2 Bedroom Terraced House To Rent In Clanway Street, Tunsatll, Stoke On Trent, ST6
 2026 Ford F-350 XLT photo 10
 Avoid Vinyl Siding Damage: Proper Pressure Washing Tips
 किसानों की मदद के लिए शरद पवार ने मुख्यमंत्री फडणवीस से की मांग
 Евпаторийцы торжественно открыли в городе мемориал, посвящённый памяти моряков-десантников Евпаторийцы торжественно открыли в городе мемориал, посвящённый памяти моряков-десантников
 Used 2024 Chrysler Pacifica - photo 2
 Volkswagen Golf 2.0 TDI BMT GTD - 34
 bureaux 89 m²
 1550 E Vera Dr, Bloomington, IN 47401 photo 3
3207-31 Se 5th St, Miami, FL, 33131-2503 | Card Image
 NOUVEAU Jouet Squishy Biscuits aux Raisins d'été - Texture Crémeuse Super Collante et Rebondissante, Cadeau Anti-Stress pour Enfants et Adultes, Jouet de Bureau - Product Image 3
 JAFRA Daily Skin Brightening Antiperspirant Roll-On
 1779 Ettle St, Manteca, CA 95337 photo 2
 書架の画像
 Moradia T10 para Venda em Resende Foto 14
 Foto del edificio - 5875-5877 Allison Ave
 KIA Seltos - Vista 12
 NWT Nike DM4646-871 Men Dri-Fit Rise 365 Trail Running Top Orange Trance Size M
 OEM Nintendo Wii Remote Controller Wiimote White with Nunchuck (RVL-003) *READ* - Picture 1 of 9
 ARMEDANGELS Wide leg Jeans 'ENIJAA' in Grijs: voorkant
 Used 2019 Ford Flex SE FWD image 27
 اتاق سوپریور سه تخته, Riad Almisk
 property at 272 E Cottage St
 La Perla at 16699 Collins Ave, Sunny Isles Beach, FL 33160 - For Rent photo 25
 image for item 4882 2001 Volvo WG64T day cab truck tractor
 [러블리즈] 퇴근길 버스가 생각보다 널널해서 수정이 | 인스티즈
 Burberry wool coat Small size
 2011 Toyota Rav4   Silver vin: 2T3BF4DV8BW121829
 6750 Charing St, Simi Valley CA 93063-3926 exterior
※ ※ ※
» **What is required**: Wherever the string "Rent" appears in a line of the records above, copy that line.

» **Response area**:
2 Bedroom Terraced House To Rent In Clanway Street, Tunsatll, Stoke On Trent, ST6
 La Perla at 16699 Collins Ave, Sunny Isles Beach, FL 33160 - For Rent photo 25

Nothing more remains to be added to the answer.